転倒
本文
 その日は雨だった。

 電車を待つ列に並びながら、妻に電話を掛けた。

「先週、僕の母さんがケガしたみたいなんだ」

 当の本人からメールが入っていた。母はもう既に老人の域に入っている。

「どうせ大したことないんじゃないの?」

 妻が素っ気なく答える。

「自転車で、転んだみたいなんだ」

 妻の反応には構わず、話を続ける。

「擦り傷程度なんでしょ?」

「いや、町医者で骨折と言われて病院を紹介され、そこでは腱が切れてると言われたみたいなんだ」

「ふうん」

「明日、様子見に行ってこようかと思う」

「そう。なら、晩御飯は要らないわね」

「夕食は帰ってから食べるよ」

「食べて帰っといでよ」

「いや、帰ってから食べるから」

 言い終わると、モヤモヤしながら電話を切った。
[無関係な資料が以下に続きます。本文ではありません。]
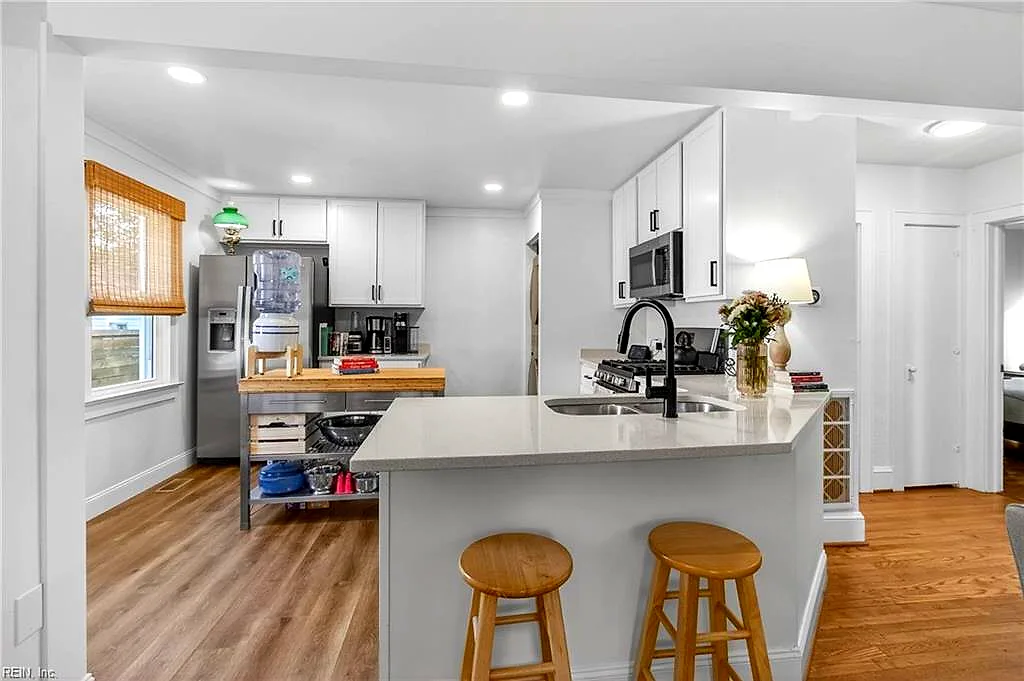 336 E Randall Ave, Norfolk — photo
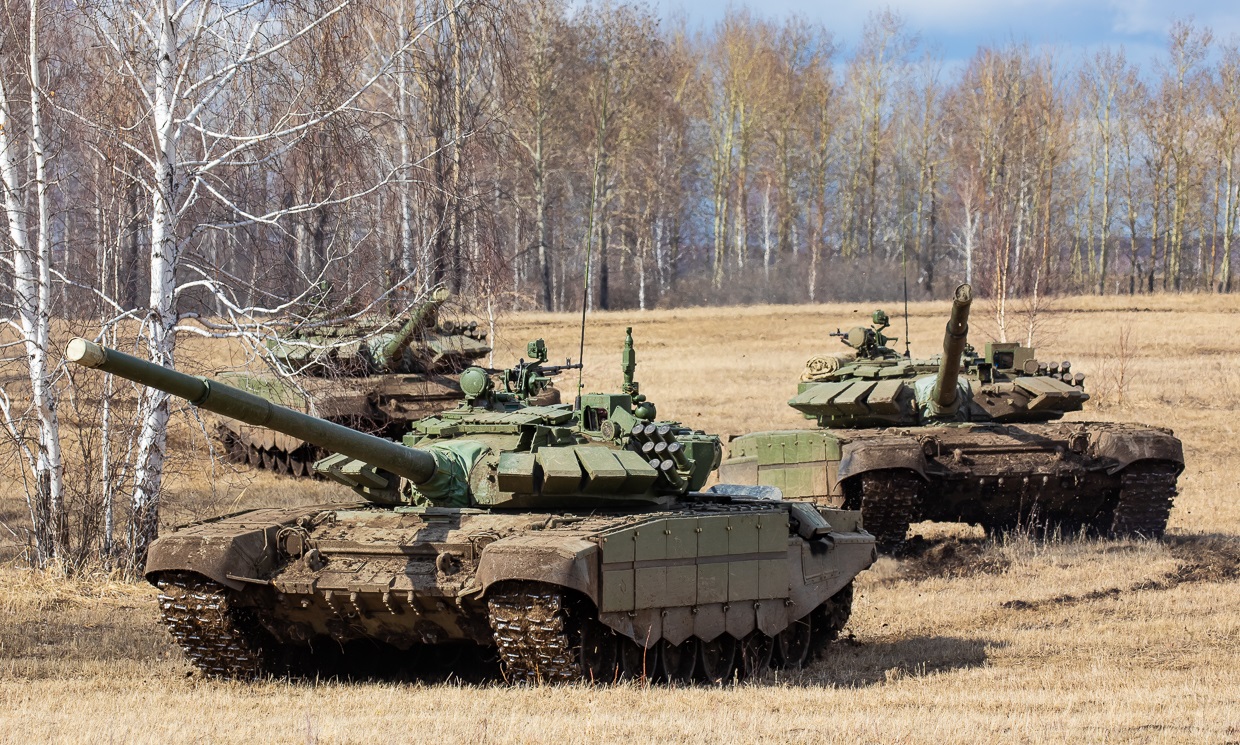 El ejército ucraniano incautó el tanque ruso T-72B3, BMP-1AM, BMD-2, el transporte blindado de personal MT-LB y la pistola 2B-16 "Nona-K" El ejército ucraniano incautó el tanque ruso T-72B3, BMP-1AM, BMD-2, el transporte blindado de personal MT-LB y la pistola 2B-16 "Nona-K"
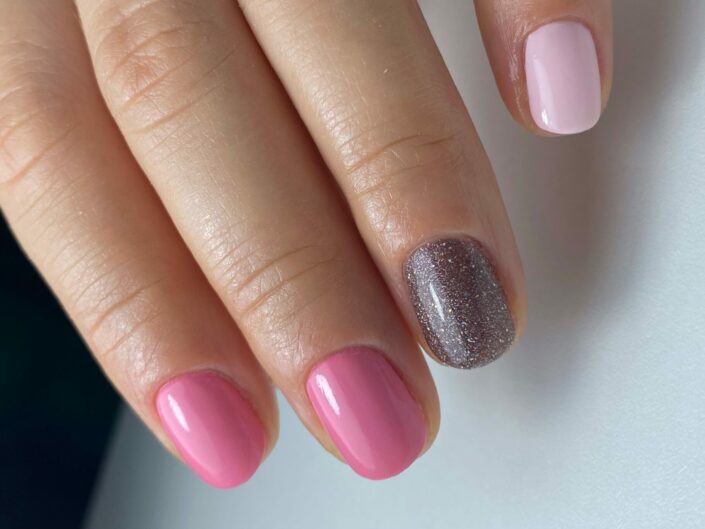 Shellac, cnd shellac, krátké nehty, přírodní nehty, nature nails, modern nails, nail trend, trendy nehty, jaro 2023, Pink nails, řůžové nehty, glitters, třpytivé nehty, třpytky,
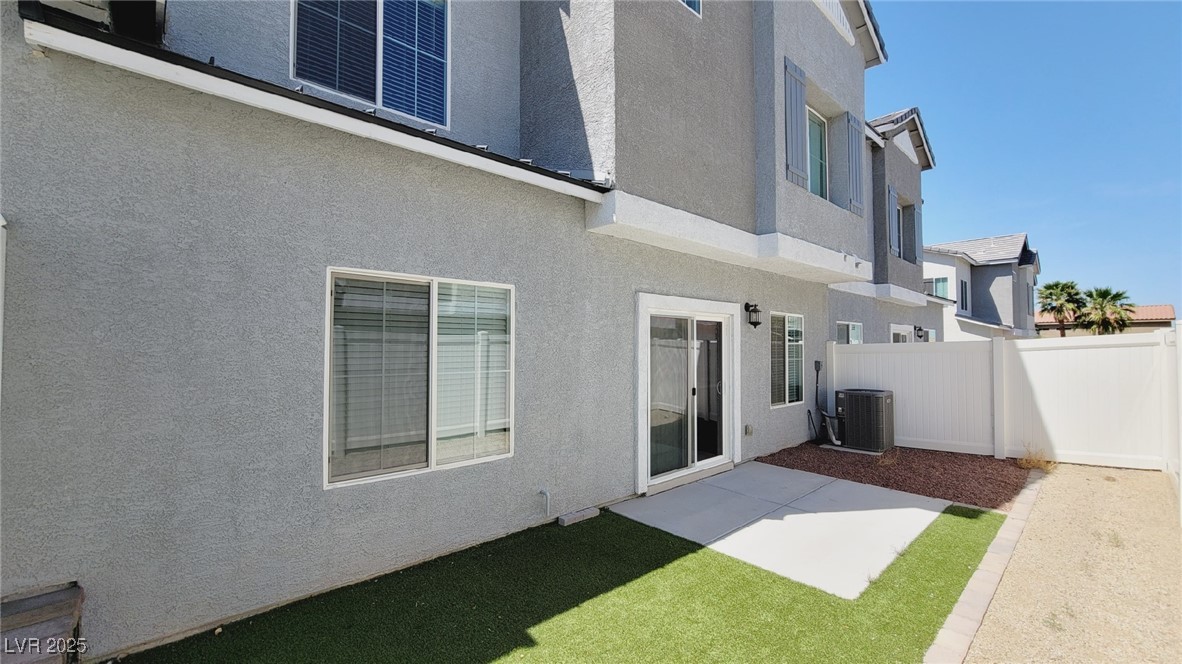 544 Teovani Street 915 Property Photo 24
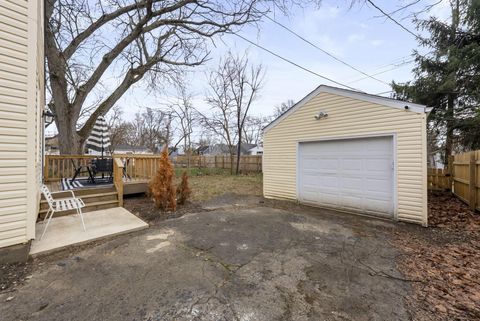 Tiny photo for 111 Rosslyn Avenue, Columbus, OH 43214 (MLS # 226000034)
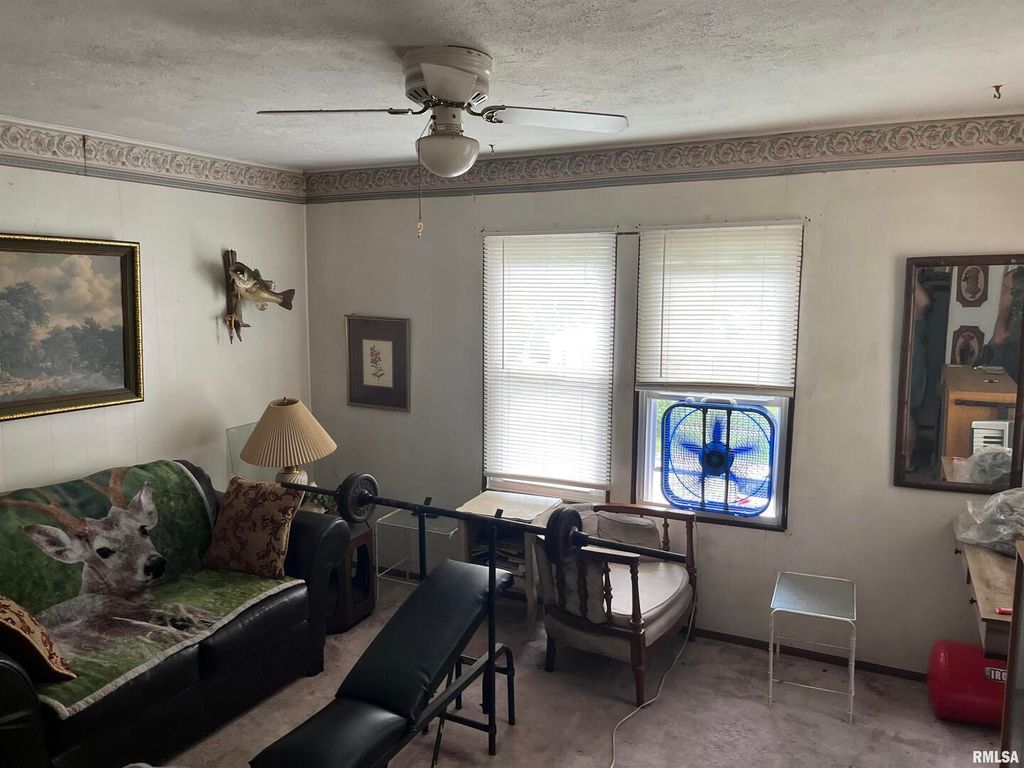 Image 12 of property listing at 404 N BEECH Street, Centralia, IL 62801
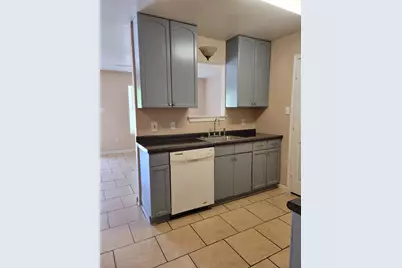 239-241 E Craven Avenue, Lacy Lakeview, TX 76705 - Photo 14
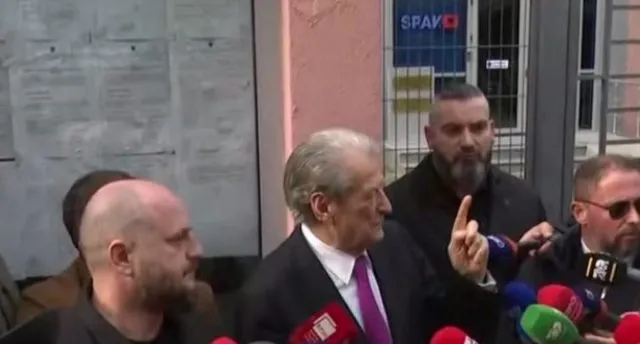 Berisha zbulon mesazhet dhe akuzon Taulant Ballën për lidhjet me bandën e Elbasanit: Na i siguroni votat nëse ne me listë iu burgosim ata që doni ju?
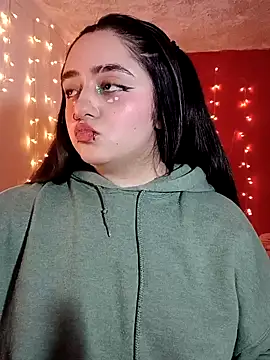 IvonneT online show from November 2025 04:15:01 AM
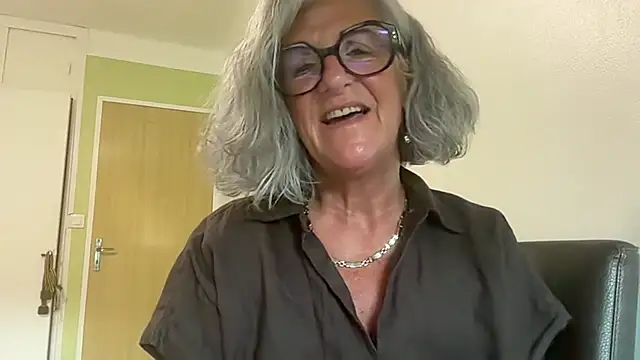 Snapshot of NaughtyMonicaUK chatting on June 23, 2026, 7:12 pm NaughtyMonicaUK online show from June 23, 2026, 7:12 pm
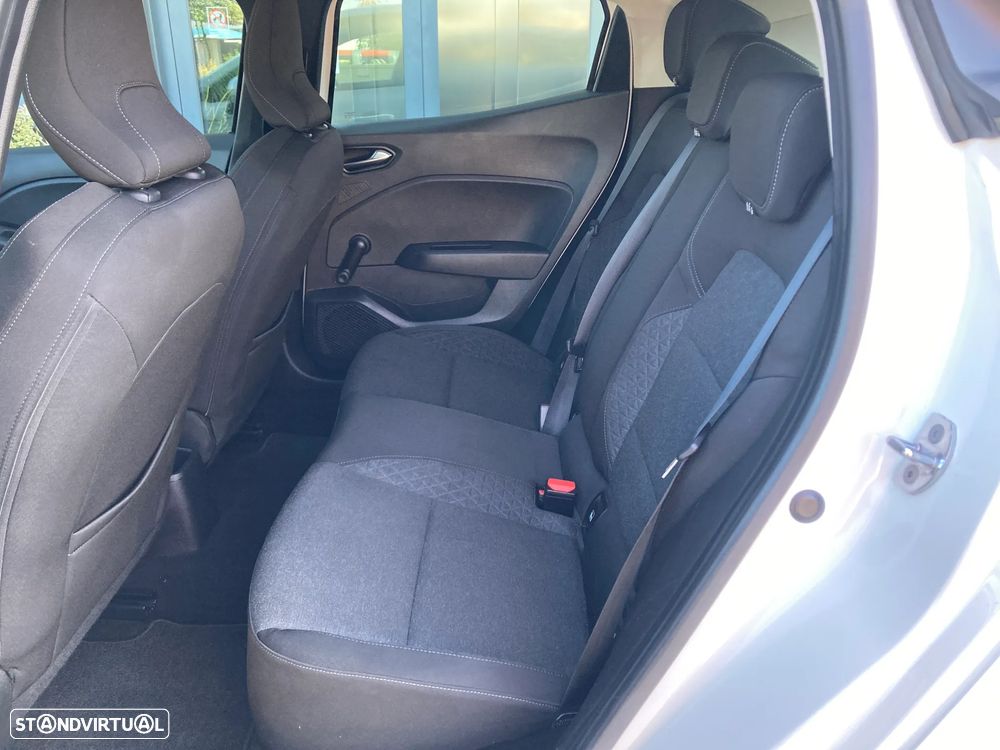 Renault Clio TCe 100 BUSINESS EDITION - 27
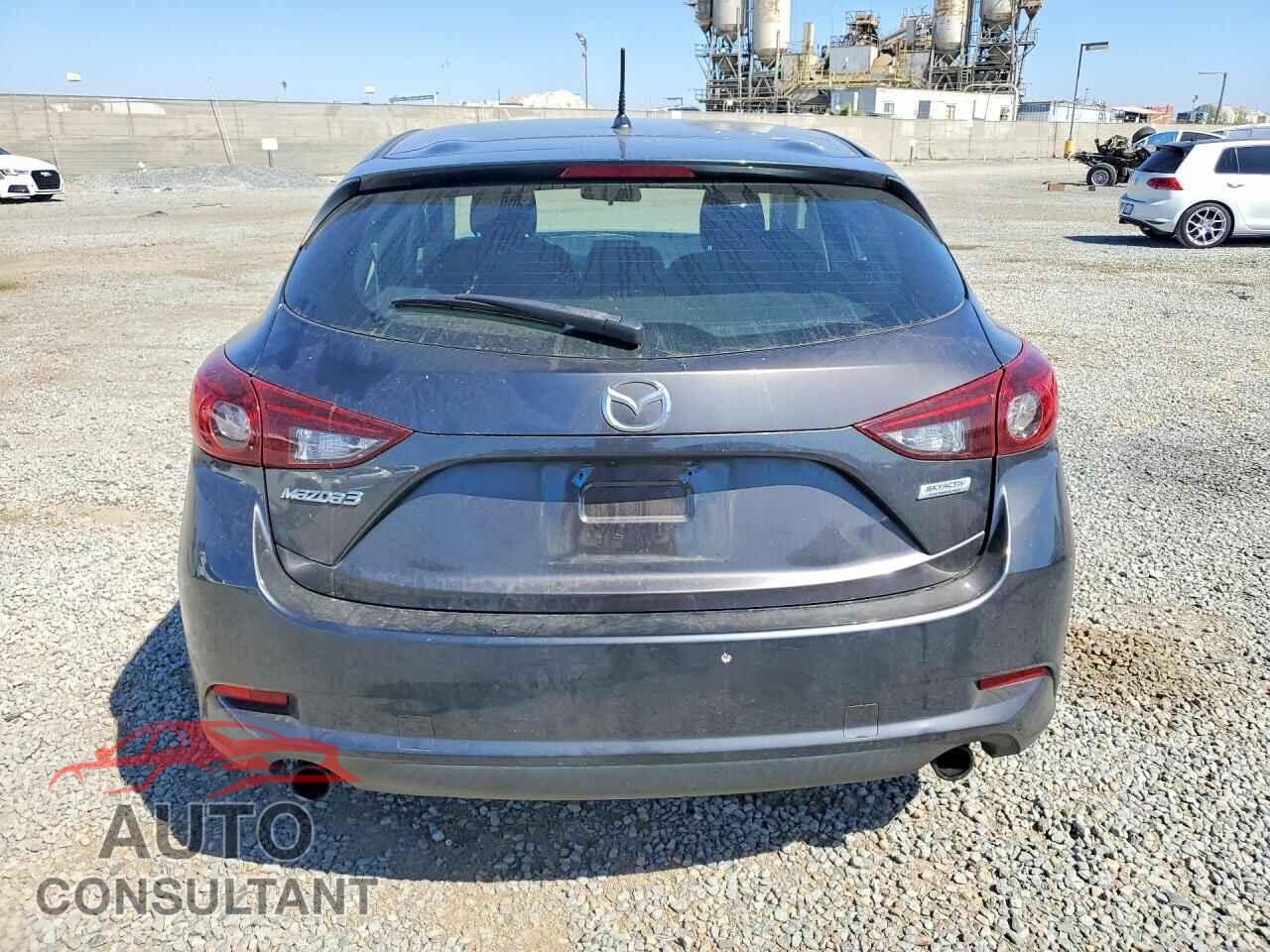 MAZDA 3 2017 - 3MZBN1K76HM115363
話さなければ良かった、と思った。

 元気な母だったが、足が不自由になれば、老け込んでしまうかもしれない。

 動けない母のために、取り急ぎ、マジックハンドが浮かぶ。丁度、介護用で家に一本あったのだが、持ち出したら妻に何を言われるのか分かったものではない。

 気を取り直し、携帯電話からネット通販を利用する。送り先を実家に設定するも、サイトからカードの再登録を求められたところで、手続きをやめた。

 程なく思い直し、やはり、家にあるものを持って行き、後から買い直すことにした。どんよりした気分から抜け出せない。

 そんな時、上品な初老の男性が、私の前にすうっと入り、並ぶ。

 普段は少々の不利益があってもやり過ごすのだが、その日の私は違ったのだろう。

 注意されないと鷹を括っていたのか、貴方の仰ることが正しい、と繰り返しながら男性は消えた。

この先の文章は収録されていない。